WORK REQUEST
Reproduce the listing below word for word, with no pictures.

AVAILABLE DATA
━━━━━━━━━━
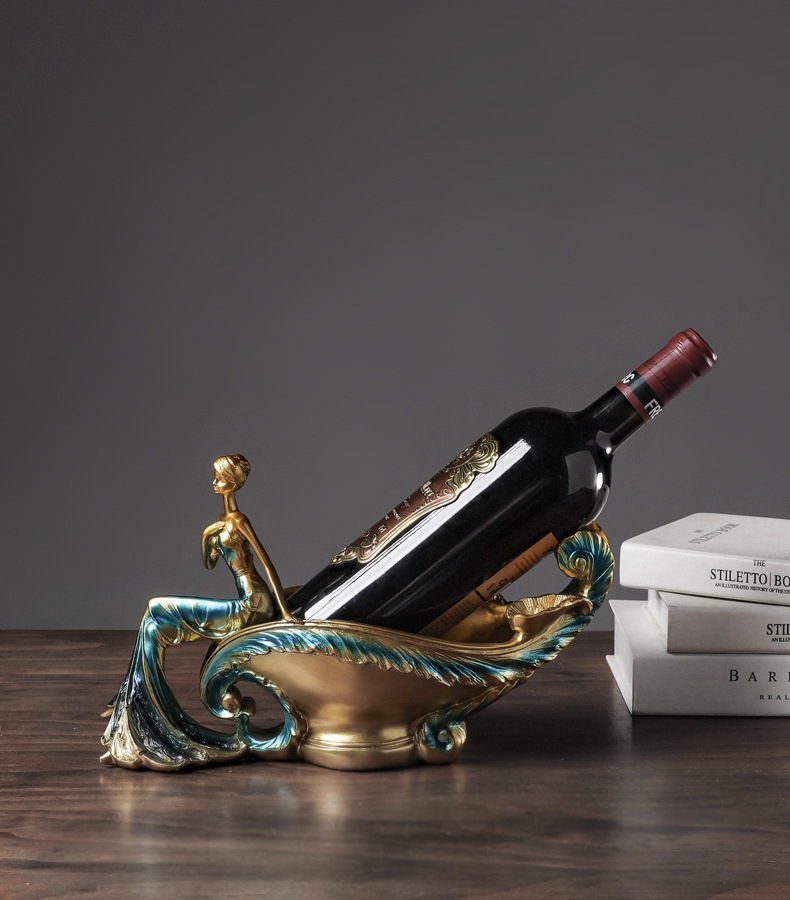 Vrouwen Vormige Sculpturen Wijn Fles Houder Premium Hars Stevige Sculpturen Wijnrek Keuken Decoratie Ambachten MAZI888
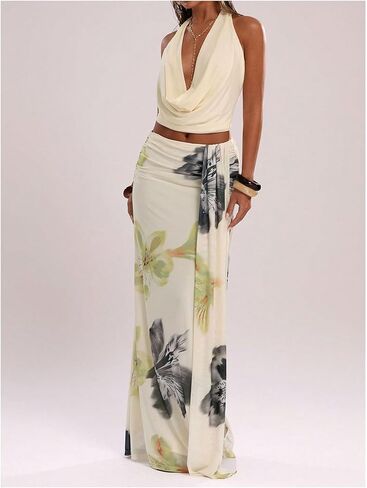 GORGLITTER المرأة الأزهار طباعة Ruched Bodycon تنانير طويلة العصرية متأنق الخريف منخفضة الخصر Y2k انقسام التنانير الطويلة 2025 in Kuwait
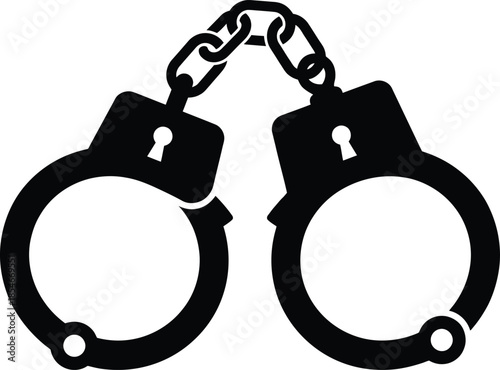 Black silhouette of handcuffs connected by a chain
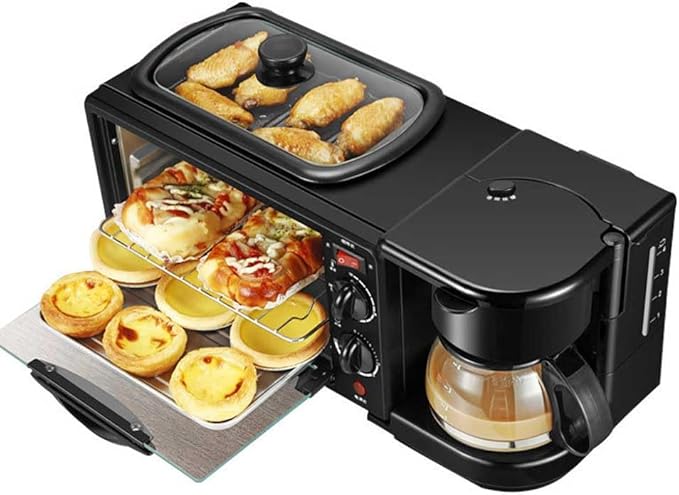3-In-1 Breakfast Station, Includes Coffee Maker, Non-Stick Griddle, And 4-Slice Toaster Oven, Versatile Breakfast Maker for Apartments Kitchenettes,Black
━━━━━━━━━━
SOLUTION
 Vrouwen Vormige Sculpturen Wijn Fles Houder Premium Hars Stevige Sculpturen Wijnrek Keuken Decoratie Ambachten MAZI888
 GORGLITTER المرأة الأزهار طباعة Ruched Bodycon تنانير طويلة العصرية متأنق الخريف منخفضة الخصر Y2k انقسام التنانير الطويلة 2025 in Kuwait
 Black silhouette of handcuffs connected by a chain
3-In-1 Breakfast Station, Includes Coffee Maker, Non-Stick Griddle, And 4-Slice Toaster Oven, Versatile Breakfast Maker for Apartments Kitchenettes,Black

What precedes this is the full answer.